ReviewNote on a non-structural model using the disequilibrium approach: Evidence from Vietnamese banks
Introduction
In the last two decades there has been extensive research on banking reforms in Central and Eastern Europe (CEE) – see Fries and Taci (2005); Bonin et al. (2005) and Staikouras et al. (2008). The common theme of these studies was to examine bank efficiency and the role of bank ownership. Only a few studies analysed the market structure in which commercial banks operate (Nathan and Neave, 1989, DeBandt and Davis, 2000). Particular emphasis was given to the privatisation and the role of foreign banks in the newly established banking system. However, there is limited research on the banking system in less developed economies. In particular, there are only a few studies on the Vietnamese banking system that provide a deep analysis and policy implications for the specific transformation process adopted by the Vietnamese government in the early 1990s. The specific approach applied by the Vietnamese authorities gives us an opportunity to compare the differences between the transition process in CEE and Vietnam. Such knowledge deepens our understanding of the optimal strategies that should be adopted by the authorities in other less developed economies.

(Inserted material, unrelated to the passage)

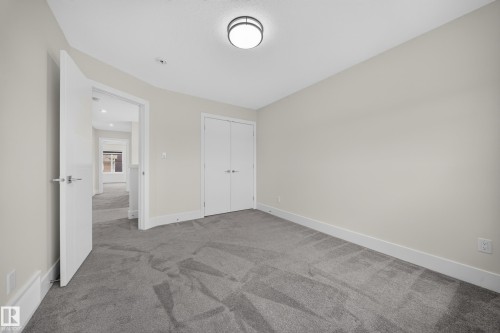 Neutral tone walls with white trim, gray carpet flooring, and a flush mount ceiling light - 1099 Eaton Road, Edmonton, AB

Our study contributes to the research on the competitiveness of the banking sector in emerging and developing economies (Claessens and Laeven, 2004, Gelos and Roldos, 2004). We endeavour to provide a broader picture of bank competition in Vietnam. The main novelty of our study is the application of the non-structural model using the disequilibrium approach introduced by Goddard and Wilson (2009). We estimate H-statistics using models that exclude assets (to avoid specification bias) and include lagged input prices (to avoid endogeneity). We examine the ‘system’ and ‘difference’ generalised method of moments (GMM) estimators with both ‘one-step’ and ‘two-step’ specifications based on Arellano and Bond (1991) and Blundell and Bond (1998). The inclusion of time period dummy variables for all periods, in addition to economic covariates, affects the precision of coefficient estimates for some specifications. Hence, a general-to-specific method (GSM) is applied to remove redundant time period dummy variables in each model in an attempt to improve the efficiency of estimation and obtain meaningful H-statistics. We also assess whether the H-statistics obtained from the dynamic specification motivated by the disequilibrium approach are valid for inference. Furthermore, we employ a unique database of 48 Vietnamese commercial banks from 1999 to 2009. Such a database enables us to assess the impact of the main structural changes of the last decade and the results of this analysis enhances our understanding of the main differences of the Vietnamese banking system from other (transition) economies.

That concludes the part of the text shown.